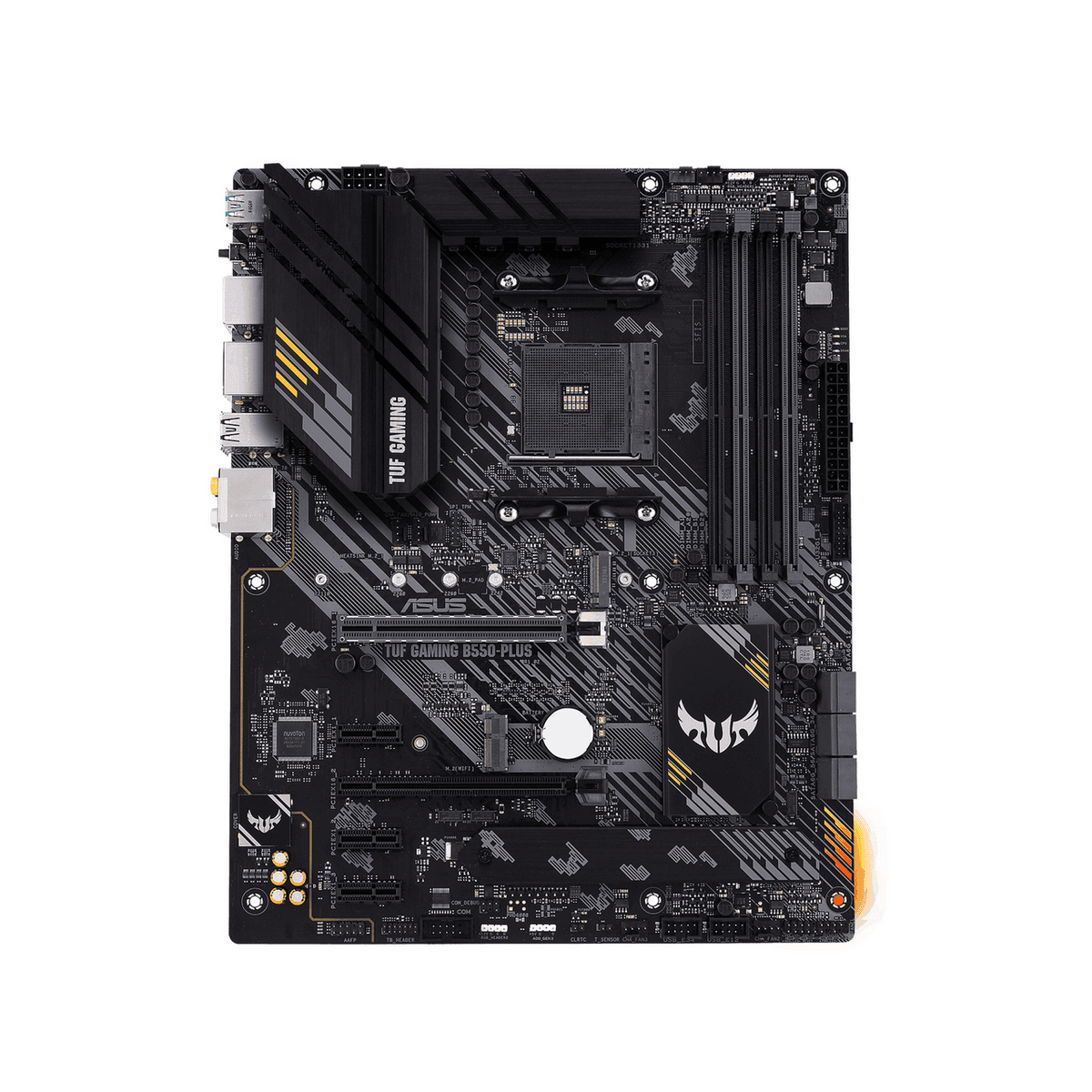 Asus Motherboard TUF Gaming B550-Plus / 90MB14G0-M0EAY0 Black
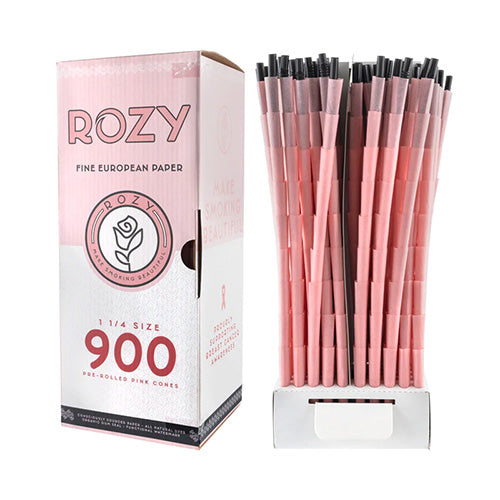 ROZY Pink Cones 11/4 Size Bulk 900ct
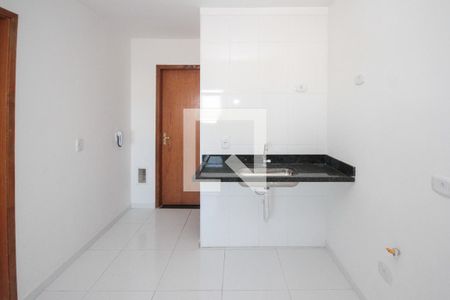 Sala e Cozinha de apartamento para alugar com 2 quartos, 38m² em Vila Bela, São Paulo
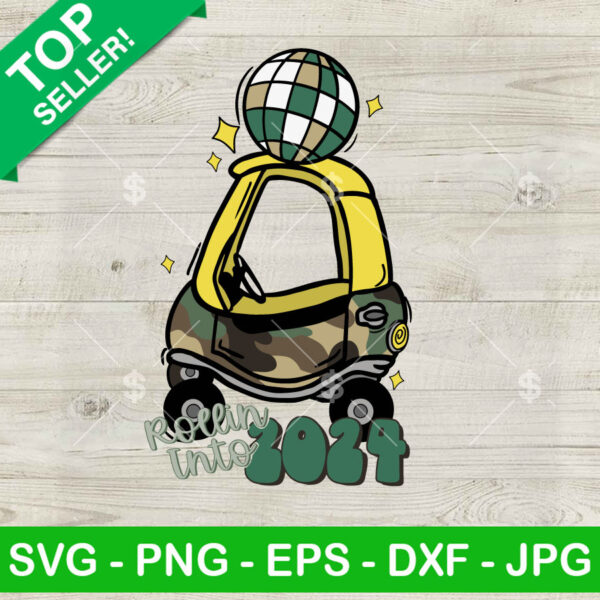 Rollin Into 2024 SVG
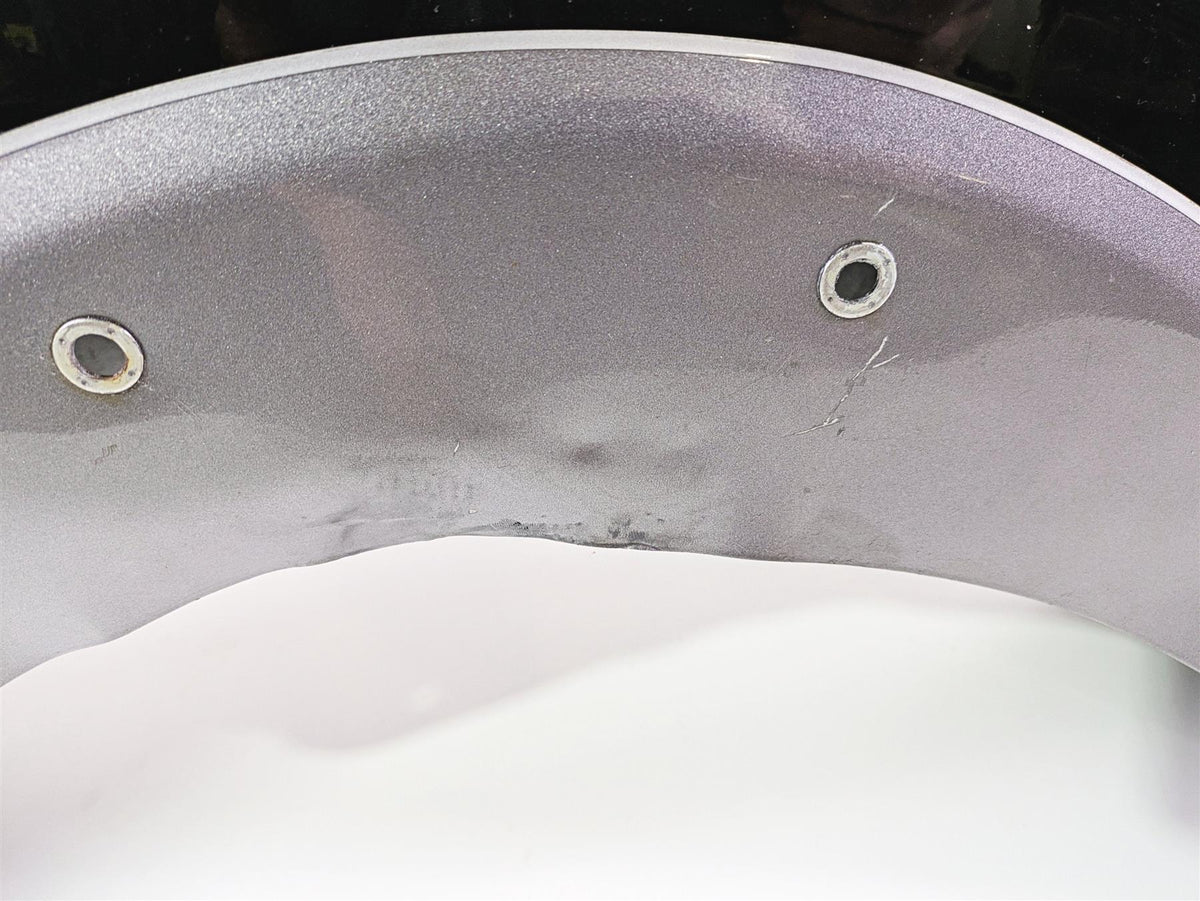 2002 Indian Spirit Deluxe Rear Fender Black Silver - Bent 89-301 {{ shop.shopifyCountryName }} - Mototech271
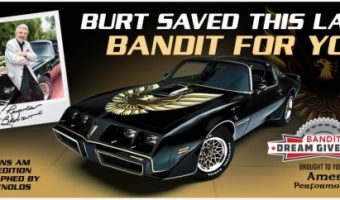 Dream Giveaway ,Bandit 7-28-2020 Drawing - 1979 Pontiac Trans Am, plus $17,500 for Taxes - poster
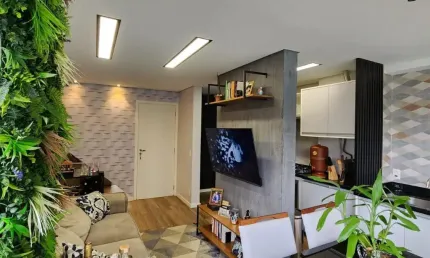 Apartamento mobiliado 41m² Cond. Piscine Home resort em Osasco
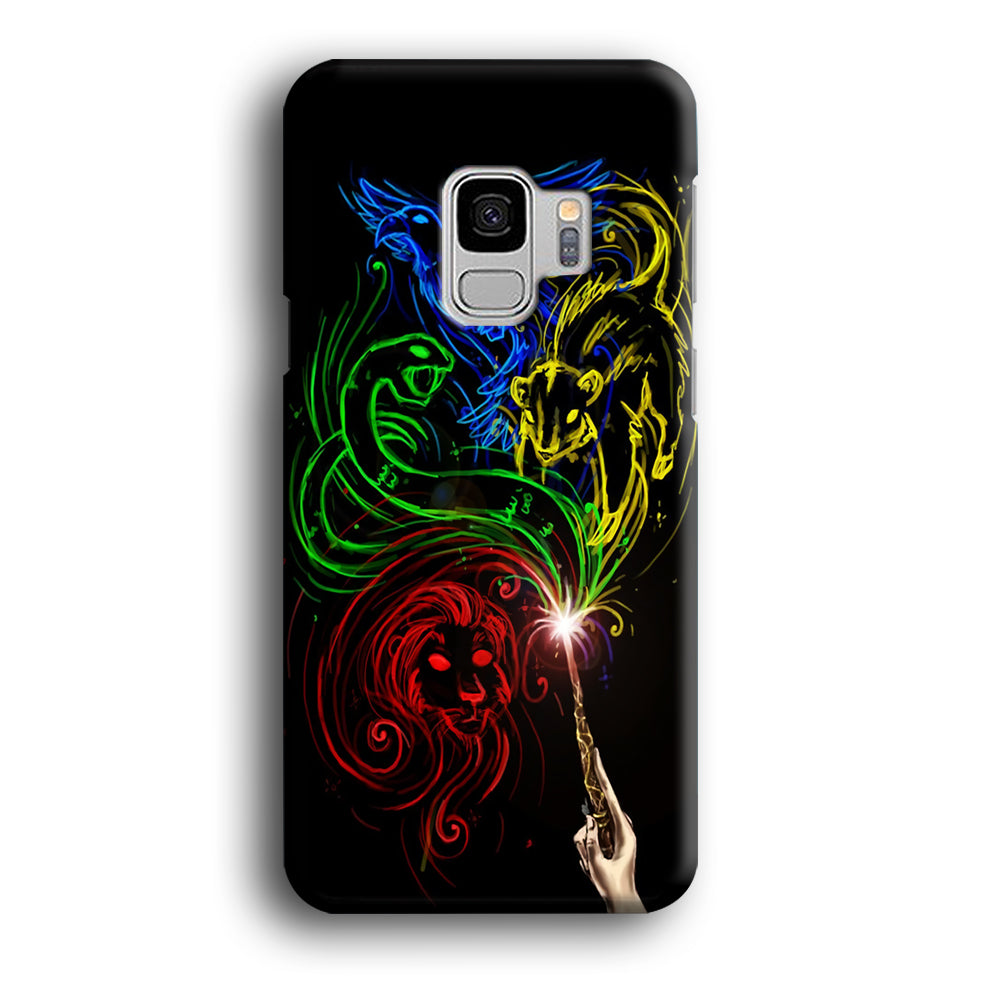 Harry Potter Magic Wand Samsung Galaxy S9 Case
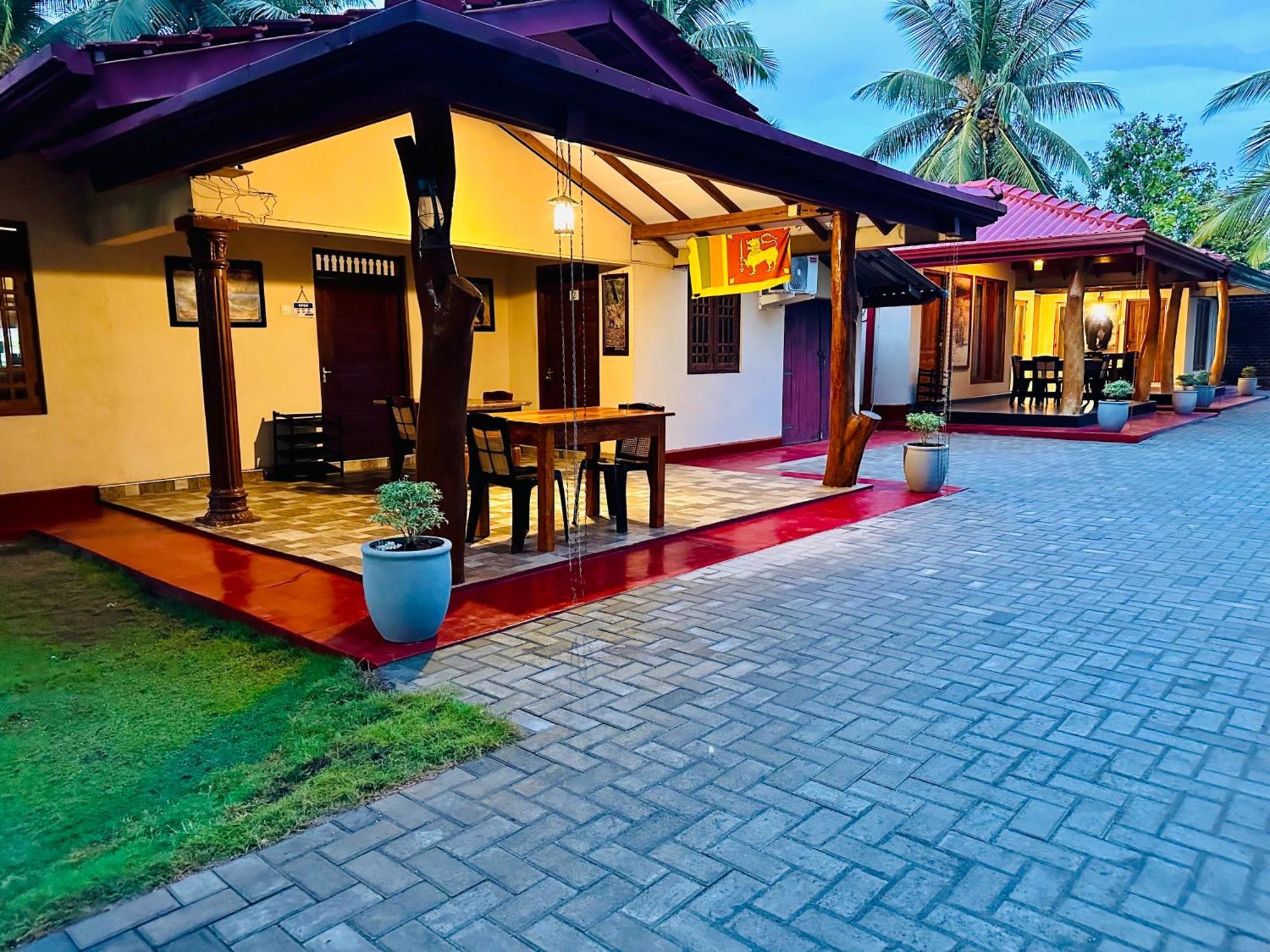Green Sapphire Holiday Resort Wilpaththu Wilpattu Exterior foto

## [Problem requirements]
From the line that holds "2002 Indian Spirit" down to the last line of the material above, every line is to be copied exactly, both ends included; pictures are to be omitted.

## [Answer area]
 2002 Indian Spirit Deluxe Rear Fender Black Silver - Bent 89-301 {{ shop.shopifyCountryName }} - Mototech271
 Dream Giveaway ,Bandit 7-28-2020 Drawing - 1979 Pontiac Trans Am, plus $17,500 for Taxes - poster
 Apartamento mobiliado 41m² Cond. Piscine Home resort em Osasco
 Harry Potter Magic Wand Samsung Galaxy S9 Case
Green Sapphire Holiday Resort Wilpaththu Wilpattu Exterior foto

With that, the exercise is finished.